Later model changes were primarily mechanical. By 1974, the T2 had gained its final shape. Very late in the T2's design life, during the late 1970s, the first prototypes of Type 2 vans with four-wheel drive (4WD) were built and tested.
The T2c, so-called because it got a slightly raised roof – by about 10 cm (3.9 in) – in the early 1990s, is built for the South American and Central American markets. It can be imported into other countries, such as the United Kingdom.
Since 1991, the T2c has been built in México with the water-cooled 1.8 L inline four-cylinder 53 kW (72 PS; 71 bhp) carbureted engine, easily identified by their large, black-coloured, front-mounted radiators, and since 1995 with the 1.6 L air-cooled engines for the Brazilian market.
Since production of the original Beetle was halted in late 2003 as a 2004 model, the T2 remained the only Volkswagen model with the traditional air-cooled, rear-mounted boxer engine until the Brazilian model shifted to a water-cooled engine on 23 December 2005. There was a 1.6 L 50 hp (37 kW; 51 PS) water-cooled diesel engined version of the T2, which was manufactured from 1981 to 1985 in Brazil. This version was very economical – values from 15 km/l to 18 km/l are reported – but it suffered from low performance and an insufficiently capable cooling system, which led to short engine life.
The end of the Volkswagen air-cooled engine on a worldwide basis was marked by a Special Edition Kombi. An exclusive Silver paint job, and limited edition emblems were applied to only 200 units in late 2005, and were sold as 2006 models.
More onerous emissions laws introduced by the Brazilian government for 2006 forced a shift to water-cooled engines. The new "Flex Fuel" water-cooled engine will run on petrol as well as alcohol. Borrowed from the Volkswagen Fox, the engine is a rear-mounted EA-111 1.4 L 8v Total Flex 1,390 cc (84.8 cu in), 58 kW (79 PS; 78 bhp) on petrol, and 60 kW (82 PS; 80 bhp) when run on ethanol, and 124 N·m (91 lbf·ft) torque. This version has been very successful, despite the minor changes made to the overall T2-bodied vehicle. It still includes the four-speed transmission, but with a new final drive ratio it can cruise at 120 km/h (75 mph) at 4,100 rpm. Top speed is 130 km/h (81 mph). 0 to 100 km/h (0 to 62 mph) is achieved in 22.7 seconds (vs. 29.5 seconds for the last air-cooled version). Improvements were made with 6.6% better fuel economy, and nearly 2 decibel (dB) less noise (again vs. the air-cooled version).
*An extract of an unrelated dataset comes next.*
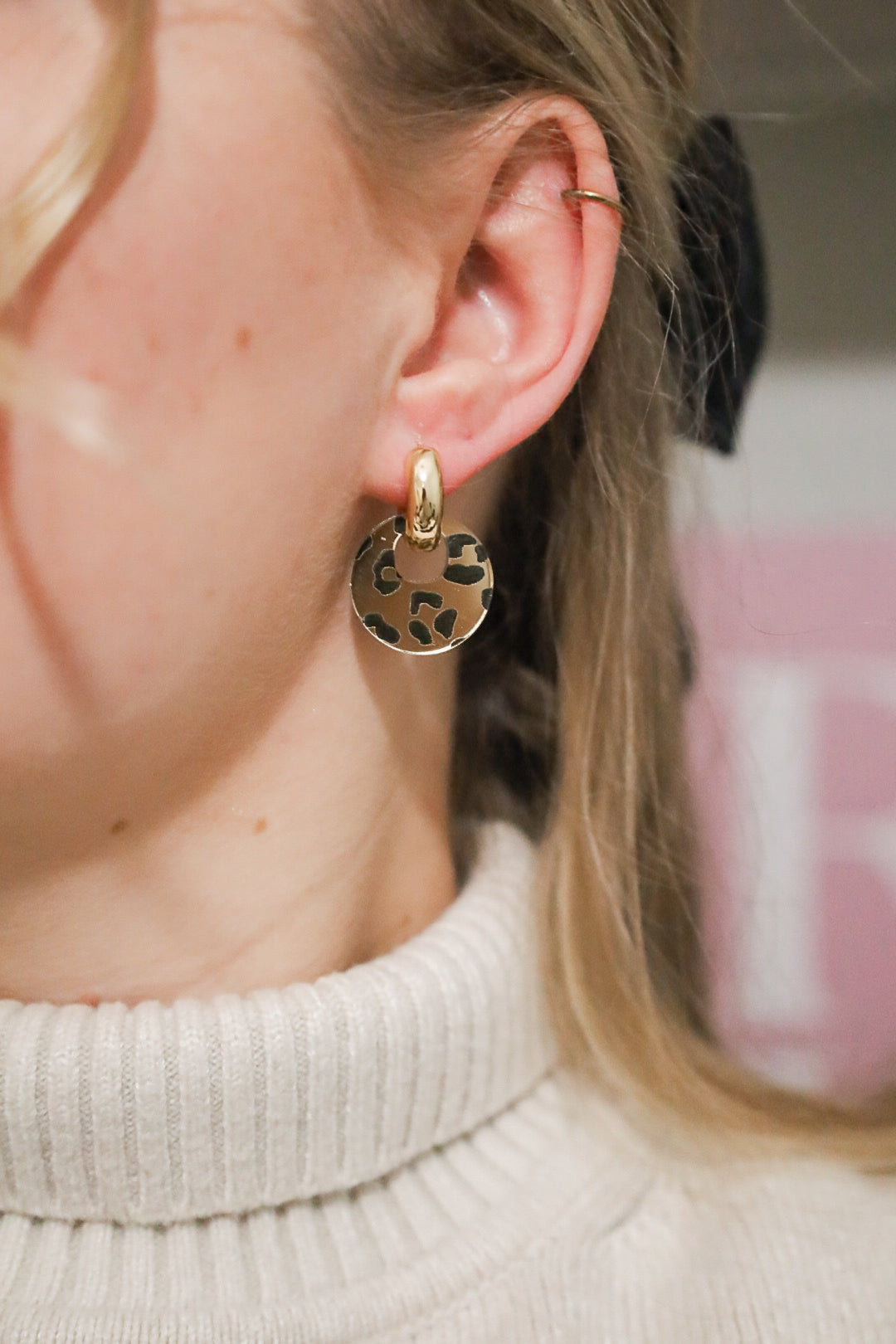 Olivia -korvakorut akryyli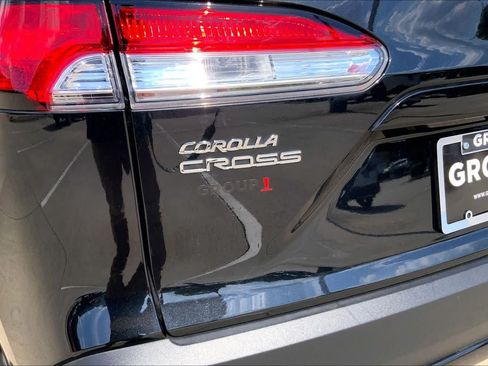 Used 2022 Toyota Corolla Cross LE w/ Moonroof Package FWD image 32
The Volkswagen Type T2 is by far the longest model run in Brazil, having been introduced in September 1950 as the Volkswagen "Kombi", a name it has kept throughout production. The fierce competition from European front-wheel drive newer generation vans still cannot match the Kombi's unparalleled cost-benefit equation. Only produced in two versions, bus (nine-seater or 12-seater – a fourth row is added for metro transportation or school bus market) or panel van, it offers only one factory option: the rear window defog. As of June 2009[update], the T2 is built at the Volkswagen Group's São Bernardo do Campo plant at a rate of 97 per day.
The production of the Brazilian Volkswagen Kombi ends in 2013 with a production run of 600 Last Edition vehicles. The phaseout of the T2c marks the end of an era which lasted since 1945 (when started the second generation of Volkswagen Type-1 - it will be the final production of metal-made bumper cars after 68 years. This also marks the end of a rear engine Volkswagen motor vehicle being produced in the world outside its parent nation.